Стройная и разумная жизнь Юрия Андреича Кальварского кончилась. Хотелось логики, которой не было. Особенно его пугала близость Маши с престарелым «Редькой». «После него, двадцати восьмилетнего красавца, отца-самца, — как говорил один неглупый лирик, — этот обсосанный лимон?»
Почему «Редька»? Зачем? Ведь он, Юрий Андреич, молод, красив. Правда, встречались урывками. У неё такой же красавец-муж. И эта любовная нелюбовь с «лимоном» или, чёрт бы его побрал, «Редькой»? Кальварский ничего не понимал. Было только ощущение темноты жизни. Теперь жизнь виделась в наготе перепутанных явлений и постыдной непонятности. Он вспоминал, что она как будто любила его искренне. Такая сильная и энергичная, с ним она была мягкой и уступчивой. «Почему мне так нехорошо?» — думал дирижёр и вспоминал свою жену. И сразу же представлялась пустая комната, на гладкой стене которой висит фотография — он, жена и дочь. Это была его семья. «Бросить что ли, жену и дочь и жениться на Маше?» И отчего-то это казалось таким глупым, что ныл лоб. Юрий Андреич неистово тёр его и думал, думал. «Хотя бы вернулся муж, тогда бы я и Маша были в одинаковом положении любви урывками, и, пожалуй, она осталась бы моей любовницей». Ничто не устраивало Кальварского так, как если бы всё осталось, как было. Не мучила бы бессонница и мысли: «Ломать или не стоит свою жизнь?».
Он кружился в водовороте своего мировоззрения и любви к Маше, потому что любил её, несомненно, но вместо того чтобы понять себя, он волховал над собой и своей любовью, и от этого болтался в каком-то пространстве без времени, воздуха и выхода.

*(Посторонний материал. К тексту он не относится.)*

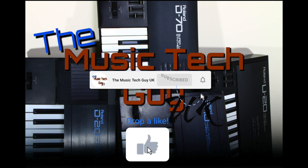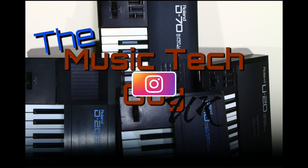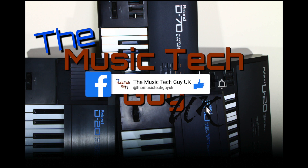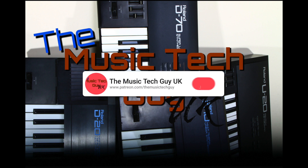Remember to like, comment, and subscribe to the channel. Go over to Instagram and follow me there. Go over to Facebook and follow me there — that's where the normal notices are. And consider becoming a Patreon. Thanks again.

А над Машей тоже проволховала любовь. Её, недавнюю девчонку, полюбил замечательный человек. Она вспоминала своё школьное увлечение, школьную свадьбу и не находила сил противостоять обаянию зрелой опытности Юрия Андреича. И когда он своими взрослыми и нежными руками раздел её почти девичье тело, она, конечно, поверила ему, умному, красивому, неистовому в любви, в право быть такой. Из одного японского фильма она запомнила сцену, как в тёмном зале, освещённом снизу разноцветными лампочками, среди блестящих лысин и бриллиантов солидных и порядочных мужчин и женщин на невысокой сцене пляшет полудевочка-полуженщина гейша. И думая о себе, она представляла себя такой же гейшей, танцующей на правилах, которые мешают любить. Ей бы остановиться и сойти с этого помоста потому, что уже кружится голова, но человек, который мог бы остановить её, Юрий Андреич, не звал её. Она была не нужна ему больше.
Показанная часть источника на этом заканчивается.